Constamment, une nation, une entreprise stratège, doit pouvoir prévoir, anticiper, devancer, éviter, prévenir ; cette obligation nouvelle d’agilité exige que cette nation dans ses composantes (l’Etat mais aussi le monde de la recherche, l’économie) soit avertie à temps de ce qui l’avantage ou à l’inverse, la menace réellement.
La libéralisation commerciale et financière, l’innovation technologique et le développement des communications fabriquent des interdépendances et constituent une géographie nouvelle de territoires réels et virtuels organisés autour de mégalopoles, de clusters, de communautés à la fois infra et multinationales. Mais dans le même temps, ils fabriquent aussi des exclus pour qui la mondialisation accroîtrait leur dépossession et leur impuissance.
Ces décalages sont porteurs de dangers : émeutes de la faim, migrations économiques, instabilités politiques, conflits locaux pour le partage des ressources, revendications identitaires ou religieuses et surtout développement incontrôlable d’une véritable économie criminelle. Ainsi en entrecroisant les intérêts à distance et en limitant les tensions au niveau mondial, la globalisation a pu les renforcer à d’autres niveaux.
Les nouvelles tensions géostratégiques, les effets du dégel et l’apparition de nouveaux acteurs/anciens Empires, la revanche/vengeance des frontières, des nations/tribus, des Religions, nous renvoie vers un passé décomposé que nous avions voulu oublier comme s’il n’avait jamais existé. Nos amnésies nous nuisent bien plus que nos aveuglements.
Le crime lui-même est devenu un acteur principal, un opérateur économique et militaire, un danger pour les Etats et les démocraties. Il fonctionne comme un modèle de l’entreprise libérale avancée. Intégration verticale et horizontale, développement des zones de chalandise, nouveaux produits, investissements dans la recherche/développement, incentive pour le personnel. Seule la gestion de la concurrence semble un peu plus définitive qu’ailleurs…

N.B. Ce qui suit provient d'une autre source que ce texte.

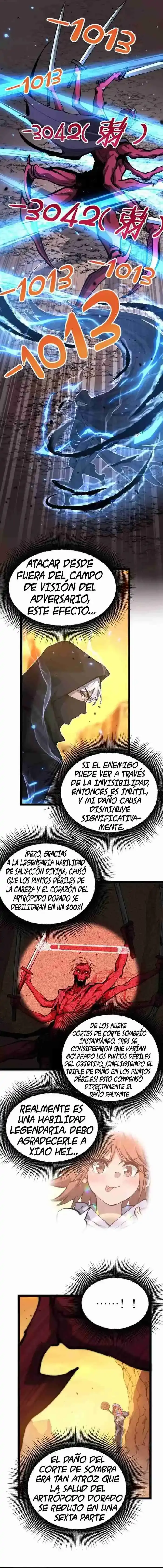 Asesino de nivel divino > Capitulo 21 > Page 11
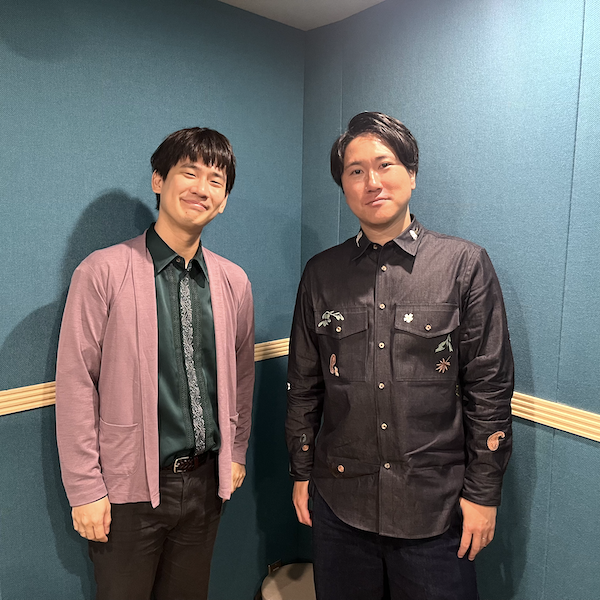 結城真一郎さん、スケザネさん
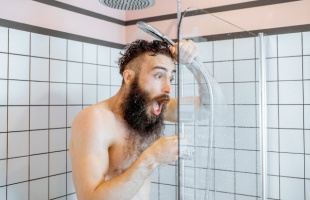 Nem volt melegvíz a Búzavirág utcában hétfő reggel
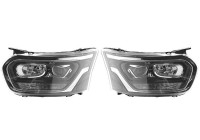 Headlamp set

Et son utilisation du monde virtuel, agent autant mercenaire pour des États que s’occupant essentiellement de ses intérêts propres, rend le crime organisé encore plus transnational sans s’occuper du passage des frontières ou de la remise des rançons.

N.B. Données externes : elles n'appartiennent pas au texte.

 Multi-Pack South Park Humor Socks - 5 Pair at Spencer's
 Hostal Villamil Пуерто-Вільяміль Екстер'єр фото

Mais une escalade militaire non contrôlée à partir d’un conflit local, la recherche dans une aventure extérieure d’un dérivatif à des tensions internes, la perception exacte ou fausse d’un avantage technologique décisif, une cyberattaque sous faux pavillon, pourraient ensemble ou séparément aboutir à des déflagrations majeures.
Ces risques déterminent un environnement périlleux, un champ des dangers plausibles à parcourir et scruter, dans un esprit de détection et d’anticipation.
Loin de tout angoissant alarmisme, ces risques sont le réel quotidien d’un pays moderne, technologiquement complexe, chaîne aux maillons toujours plus nombreux tenant chacun à l’autre, immergé dans un monde en réseaux, dépendant par essence de la qualité et de l’efficacité de ceux-ci.
Le processus de réflexion est quasiment clinique : Diagnostic (l’étape la moins travaillée à ce jour), pronostic, thérapeutique. Il s’agit là effectivement d’un véritable travail de Cassandre. Les analystes du futur s’étonneront longtemps de notre difficulté à anticiper des crises pourtant écrites, des drames pourtant annoncés, des attentats pourtant proclamés.
Ceux qui n’avaient pas voulu lire Mein Kampf, ceux qui n’ont pas traduit la Déclaration de Guerre à l’Amérique, ceux qui n’ont pas voulu lire la propagande terroriste, ceux qui n’ont pas analysé le risque d’un cyberespace sans code de la route, peuvent toujours s’étonner des évènements. Mais rares sont ceux qu’on ne pouvait pas prévoir.
Comme le rappelait le maître des criminologues, Sherlock Holmes : « Une fois l’impossible supprimé, ce qui reste, même invraisemblable, doit être la vérité ».